Geopolitical and geoeconomic volatility is now directly a workforce issue. The World Economic Forum’s Chief People Officers’ Outlook notes that geopolitics and geoeconomics are no longer confined to trade, technology and capital flows, but are directly affecting access to skills and workforce planning. It also identifies government labour-market interventions, migration and visa restrictions, cyberthreats, data breaches, energy security, climate geopolitics, trade tensions, regional instability and supply-chain realignment as disruptions driving changes in workforce strategy.
This links closely to the Future@Work theme of short-termism. Many organisations feel prepared because they are equipped for immediate responsiveness. They can react to the urgent issue in front of them. Longer-term planning, scenario thinking and capability building can be pushed further down the list when immediate pressures dominate.

Some organisations are beginning to respond more strategically. In the face of geopolitical, regulatory and economic instability, 36% are building stronger scenario or contingency planning, 33% are increasing investment in workforce resilience, and 32% are strengthening compliance and risk management functions.

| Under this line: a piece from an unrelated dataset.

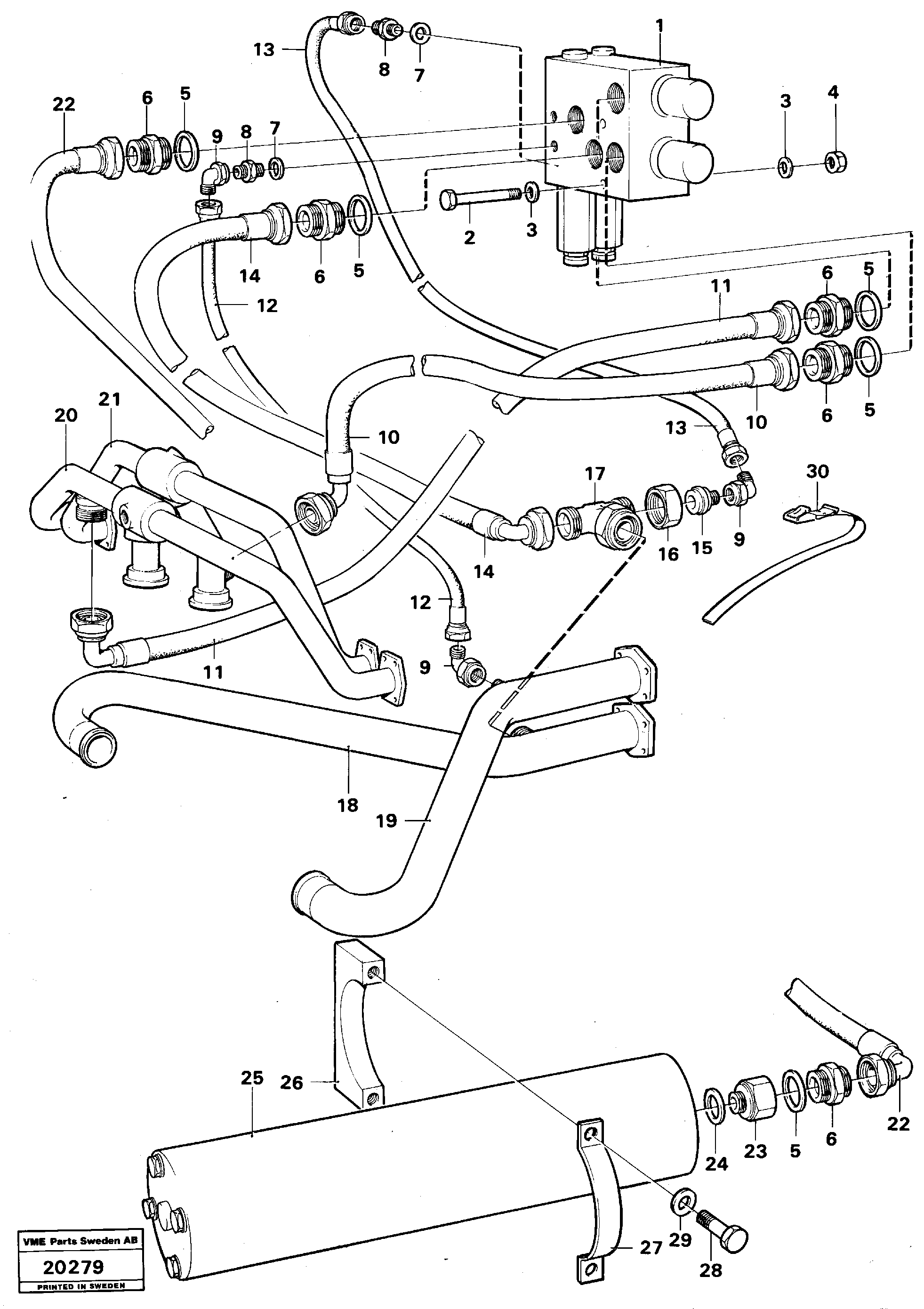 Timing gear casing RM/VOE13933098 VOLVO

A majority, however, are not yet taking those steps. Resilience also depends on culture, leadership and capacity for change. Nearly half of organisations, 49%, expect cultural resistance to slow the adoption of new technologies and new operating models. Continual firefighting can wear down the very qualities organisations need most: trust, leadership bandwidth and learning agility.
This is where scenario-based workforce planning becomes important. McKinsey describes strategic workforce planning as a way for organisations to react more quickly and intentionally to change, monitor leading and lagging indicators, identify and develop new capabilities, and move away from hire-fire cycles towards more sustainable capacity management. Scenario-based approaches can create flexibility under rapidly changing conditions by helping organisations identify future talent gaps and overages across business units before pressure becomes acute.
Resilience is built through more than isolated crisis playbooks, but requires workforce visibility, clear escalation routes, cross-functional governance, scenario planning, leadership under pressure and the ability to make decisions with imperfect information. It also requires the organisation to treat planning as business as usual, rather than something activated only when disruption has already arrived.
The gap between recognising this need and acting on it remains significant. Deloitte’s 2026 Human Capital Trends report found that 85% of respondents say it is critical to develop the ability for the organisation and workforce to adapt at the speed required by today’s world, but only 7% say they are leading in this area. Deloitte also found that only 27% of respondents believe their organisations manage change effectively, and only 8% believe their organisations are highly effective at meeting continuous, always-on learning needs.
The workforce impact of constant change is also material. Deloitte found that the steady cadence of organisational change has led to decreased wellbeing for 68% of workers, increased workload for 60%, and feeling less relevant or left behind for 58%. This reinforces the point that resilience is not only about systems and processes. It also depends on whether people have the capacity, trust and support to absorb change without burning out.
Organisations may handle individual crises well while still lacking the systems, data, leadership habits and planning routines that would make them more resilient next time.
The World Economic Forum’s Global Risks Report 2026 captures the direction of travel well: change is increasingly part of the normal, not an emergency response. For international employers, the strategic task is therefore to embed adaptability into the workforce model itself.
The shift from reaction to resilience therefore means asking “how to build an international workforce that can adapt when conditions change”.